Building Aquilo infrastructure without heat planning

Aquilo’s cold environment damages buildings and units that are not heated. Many players land on Aquilo and try to build a typical base, only to discover that their buildings are taking continuous damage and their character is suffering exposure. Heat planning is the central design problem of Aquilo, and treating it as an afterthought wastes 5 to 10 hours of rework.

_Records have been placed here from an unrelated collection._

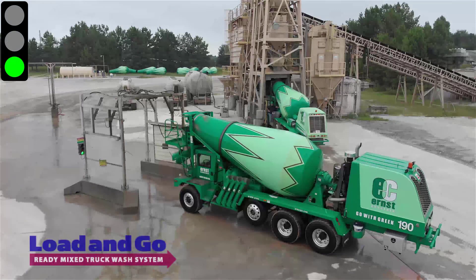Upon arrival at the Load & Go, the green light will be lit, indicating the wash is ready to be used. Having the mixer centered ensures you'll get the best wash possible. Center the mixer going through the frame with the help of the guide sticks on each of the legs.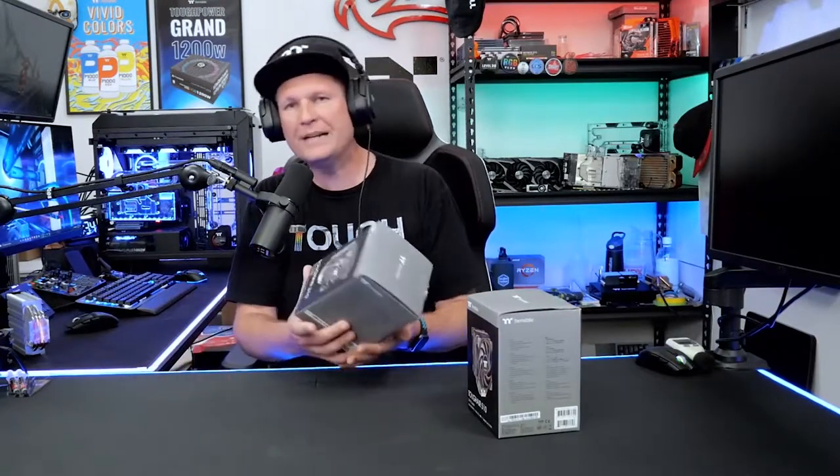Let's talk about what you get inside the box. The 310 and the 510 are two different models. The difference between the two is that the 510 includes two fans where the 310 includes just one. Both of these coolers are a four heat pipe design, so there's no change to the heat sink between the two models — the only difference is the fan added to the 510 model.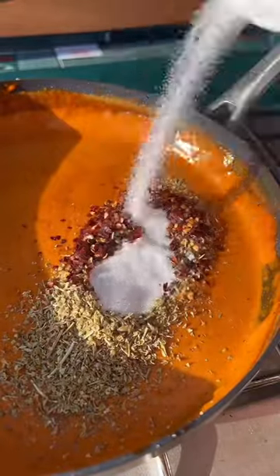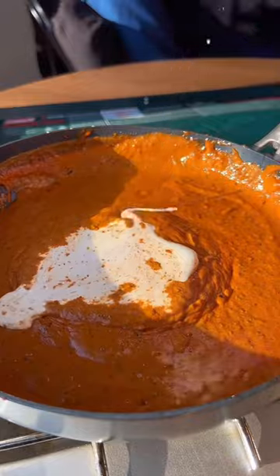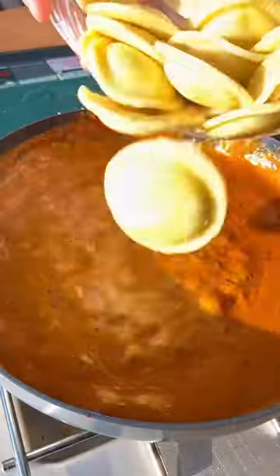All that's left to do from here is season that boy up, throw in a little parsley and parmesan, and finish it off with the ravioli of your choice. And as always, I'll have the full recipe listed in the description. Hope y'all enjoy!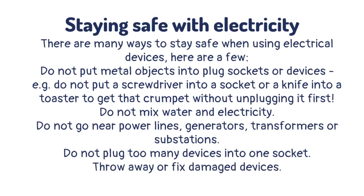There are many ways to stay safe when using electrical devices. Do not put metal objects into plug sockets or devices — for example, do not put a screwdriver into a socket or a knife into a toaster to get that crumpet without unplugging it first. Do not mix water and electricity.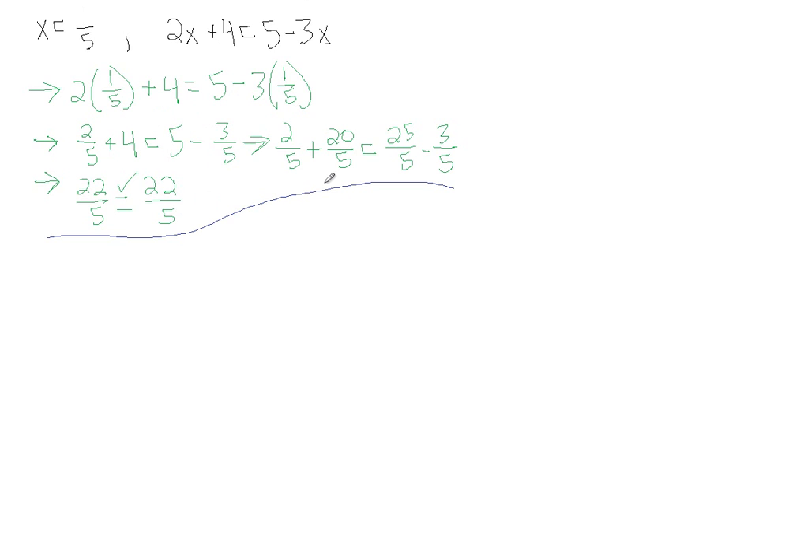Let's do a few more of these. Let's say we want to check that the solution x equals minus 11 over 5 is indeed the solution for the equation 4x plus 2 equals minus x minus 9. Everywhere we see x in our equation, we're going to plug in the value we're supposing is the solution. So let's do that — we have 4 times x, where x is minus 11 over 5.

Server-side considerations for Space Age multiplayer

Space Age is meaningfully heavier on server resources than vanilla Factorio. Each additional planet is essentially a separate game world running in parallel. A 4-planet, 8-player multiplayer session in late-game can push a server’s CPU hard.

Server profileRAMCPU coresStorage
Solo + 1 friend, Space Age4 GB2 dedicated10 GB
4 to 8 players, Space Age, mid-game8 GB3 dedicated20 GB
Megabase, Space Age, all planets16 GB6 dedicated50 GB

Factorio’s main update loop is single-threaded, so single-thread CPU performance is the primary bottleneck. Modern desktop-class CPUs with strong single-thread benchmarks are the right choice. Server-class CPUs with many cores and modest single-thread are sub-optimal for Factorio.

The bottom line

For a first Space Age playthrough, go Vulcanus → Fulgora → Gleba → Aquilo. The order is community consensus for good reason: each planet’s rewards make the next planet meaningfully easier, the difficulty curve is gentle enough to build confidence, and you arrive at the hardest planet (Aquilo) with the full toolkit you need.

For replays, the order matters less and personal preference takes over. The hardcore challenge runs go Gleba first, then improvise from there. Mod-heavy runs follow the modpack author’s recommendations.

Whichever order you pick, treat each planet as a separate Factorio puzzle. The reason Space Age earned the praise it did is that each of the four planets is essentially a small Factorio game in its own right, with its own constraints and its own design language. Enjoy the four different games, and the integration of all four into a coherent endgame factory is the satisfying conclusion of the run.